[Web page caption snippets]
- - -

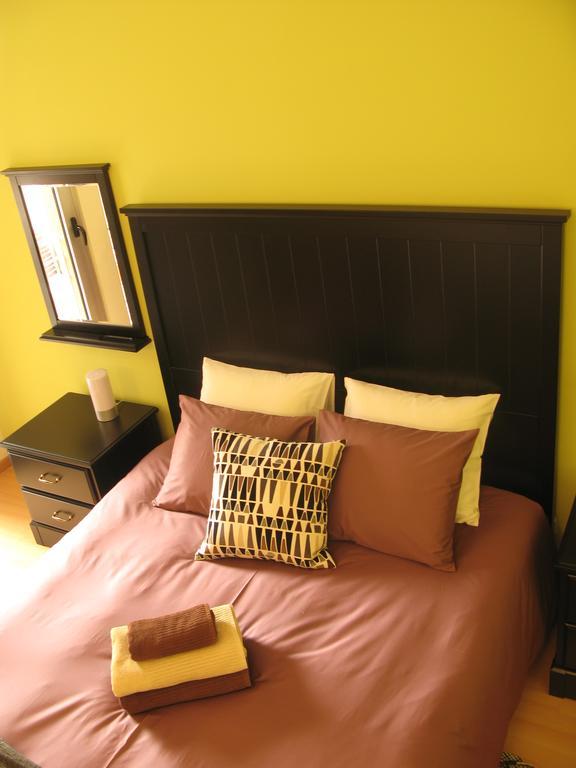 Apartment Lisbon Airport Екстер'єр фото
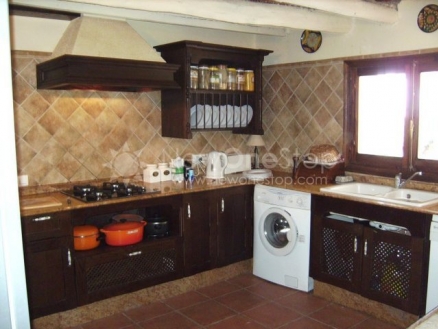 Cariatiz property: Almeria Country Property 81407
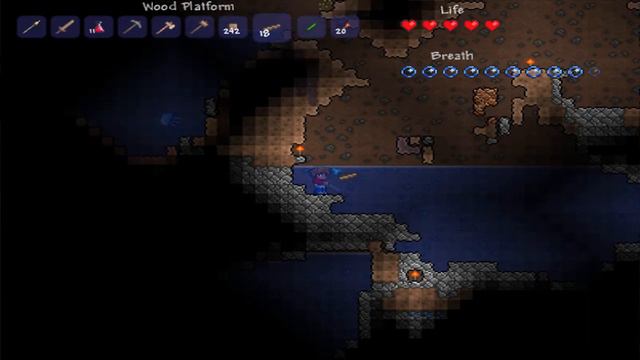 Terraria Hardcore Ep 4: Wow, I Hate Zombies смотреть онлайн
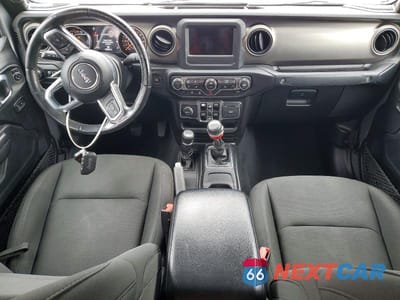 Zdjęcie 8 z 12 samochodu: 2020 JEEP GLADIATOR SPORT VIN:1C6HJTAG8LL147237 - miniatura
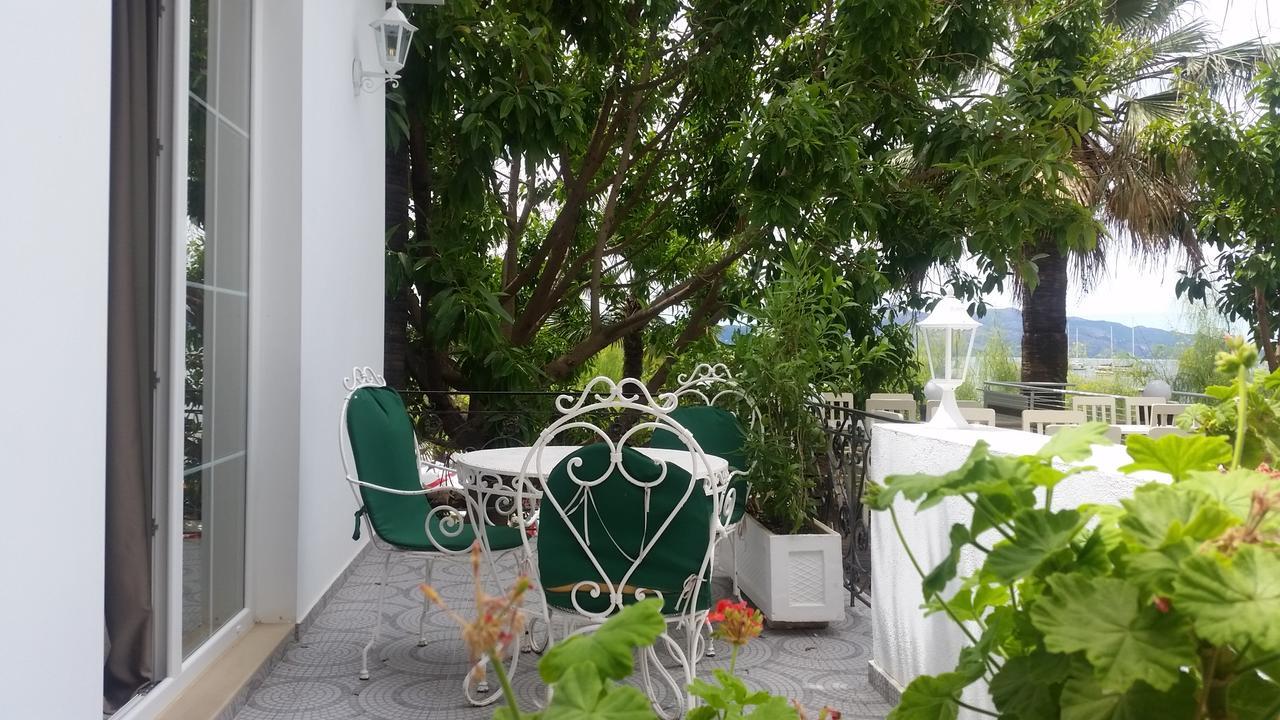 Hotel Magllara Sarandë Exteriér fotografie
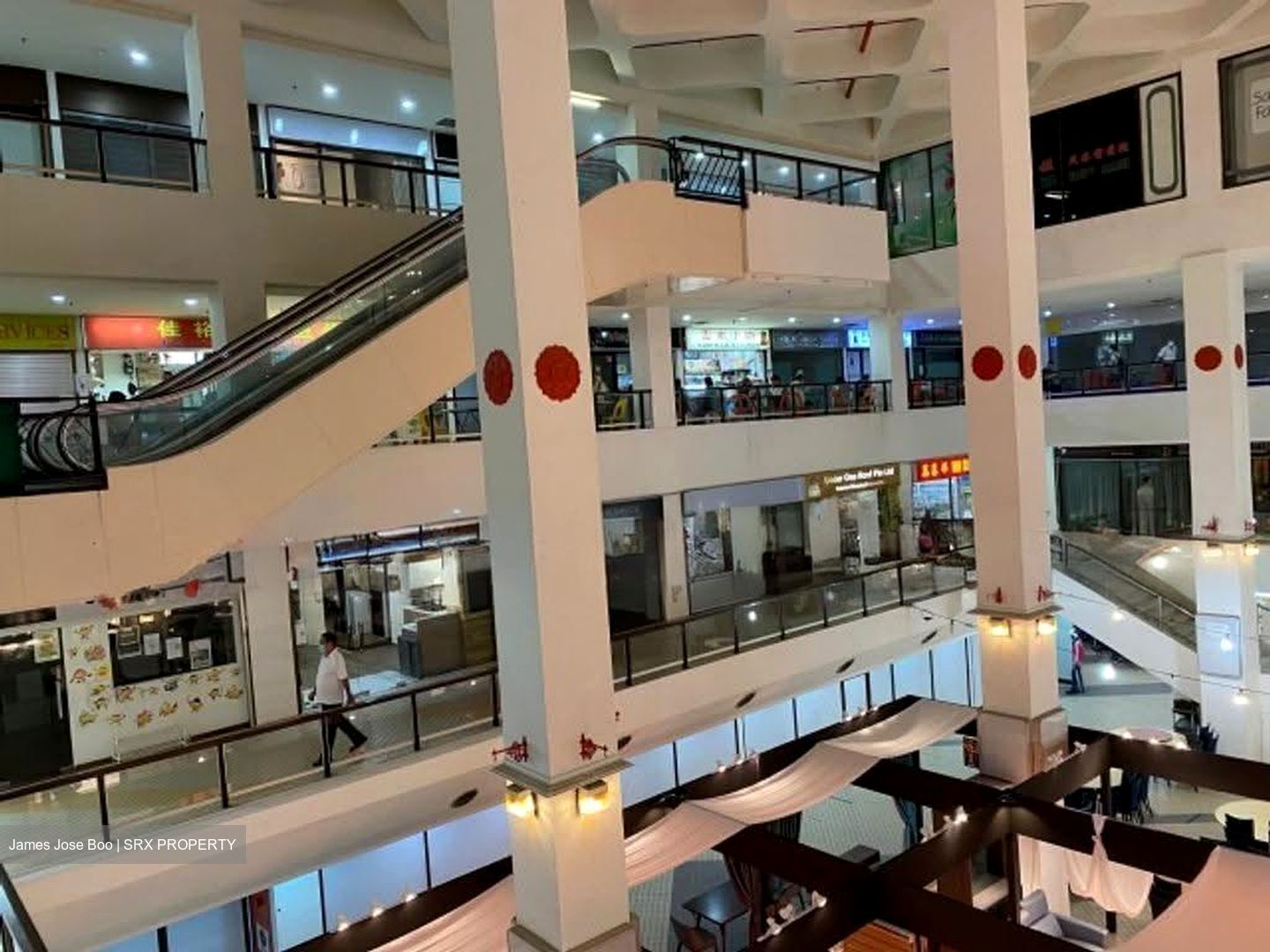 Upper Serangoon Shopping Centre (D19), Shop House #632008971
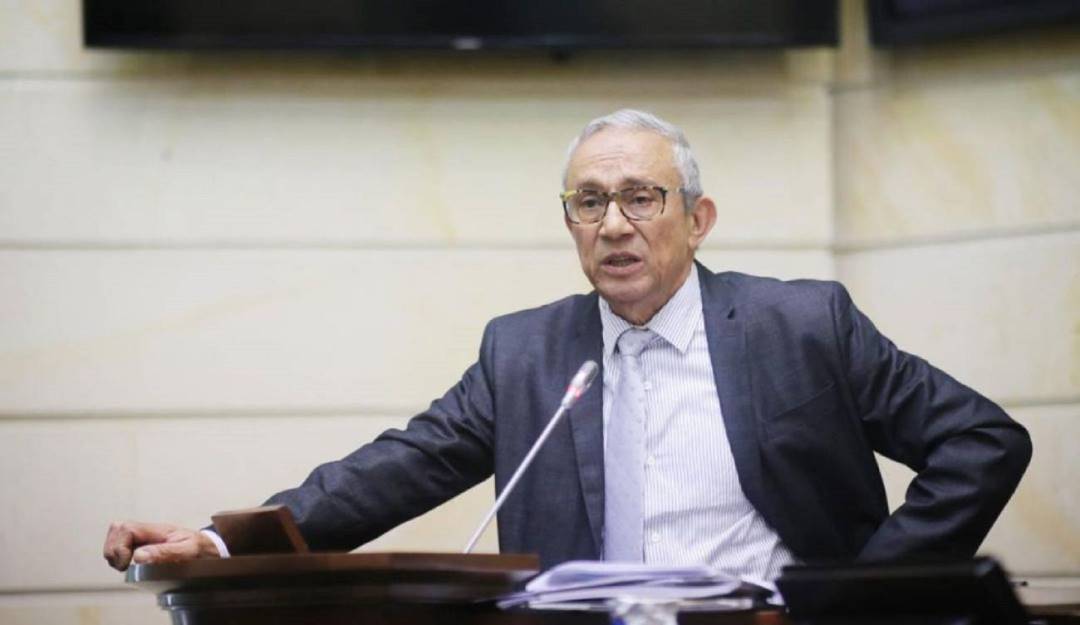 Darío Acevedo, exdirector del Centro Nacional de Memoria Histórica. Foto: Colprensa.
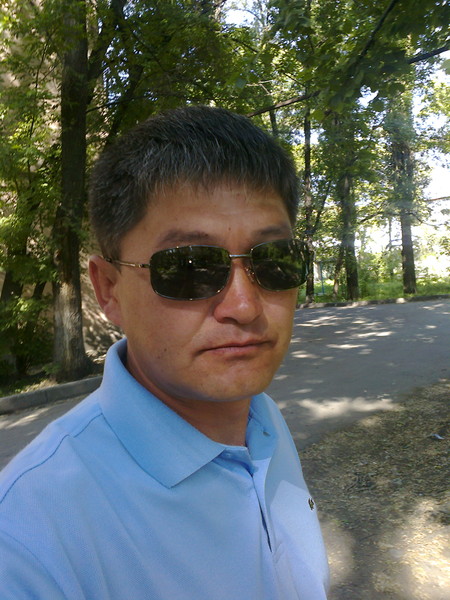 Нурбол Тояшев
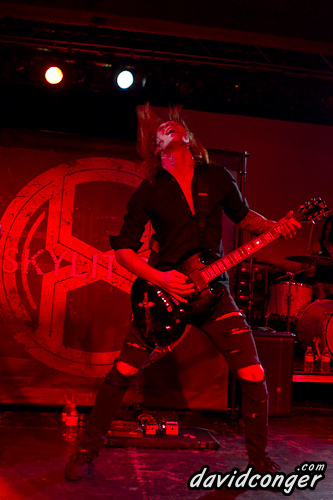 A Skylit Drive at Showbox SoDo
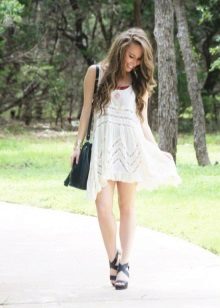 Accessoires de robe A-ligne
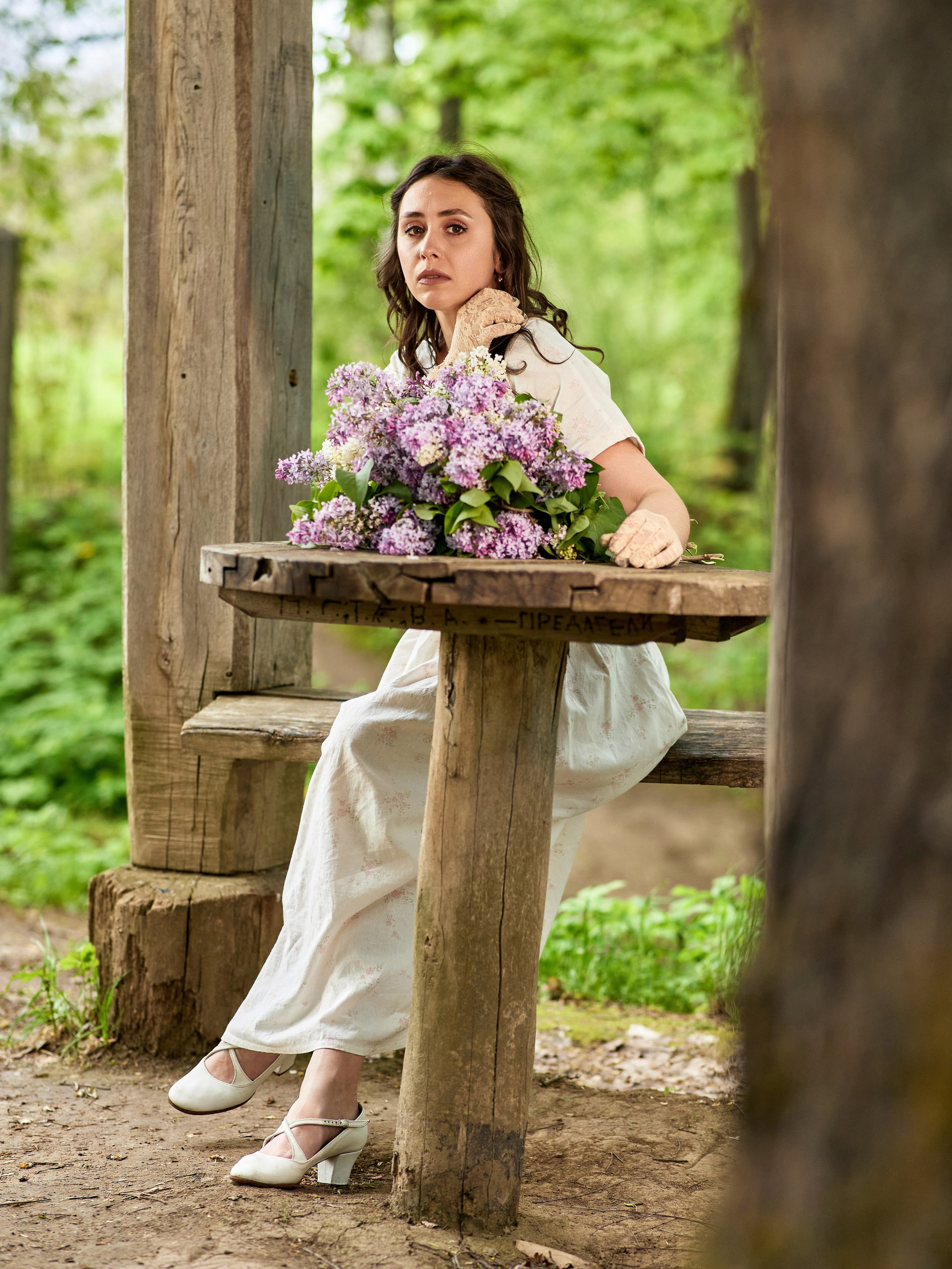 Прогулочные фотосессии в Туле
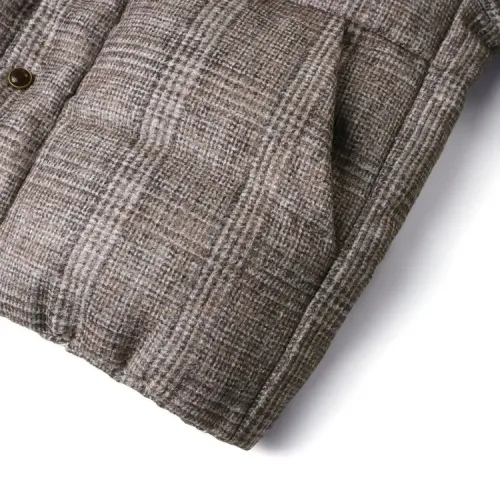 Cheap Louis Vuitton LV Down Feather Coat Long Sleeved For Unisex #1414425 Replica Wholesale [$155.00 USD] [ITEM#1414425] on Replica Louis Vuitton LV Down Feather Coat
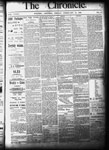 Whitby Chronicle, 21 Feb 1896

- - -

▶ TO DO
Your answer should be the lines from the first record down to the line containing "A Skylit Drive at Showbox SoDo", restated exactly, with no pictures.

▶ SOLUTION FOR THIS PROBLEM
 Apartment Lisbon Airport Екстер'єр фото
 Cariatiz property: Almeria Country Property 81407
 Terraria Hardcore Ep 4: Wow, I Hate Zombies смотреть онлайн
 Zdjęcie 8 z 12 samochodu: 2020 JEEP GLADIATOR SPORT VIN:1C6HJTAG8LL147237 - miniatura
 Hotel Magllara Sarandë Exteriér fotografie
 Upper Serangoon Shopping Centre (D19), Shop House #632008971
 Darío Acevedo, exdirector del Centro Nacional de Memoria Histórica. Foto: Colprensa.
 Нурбол Тояшев
 A Skylit Drive at Showbox SoDo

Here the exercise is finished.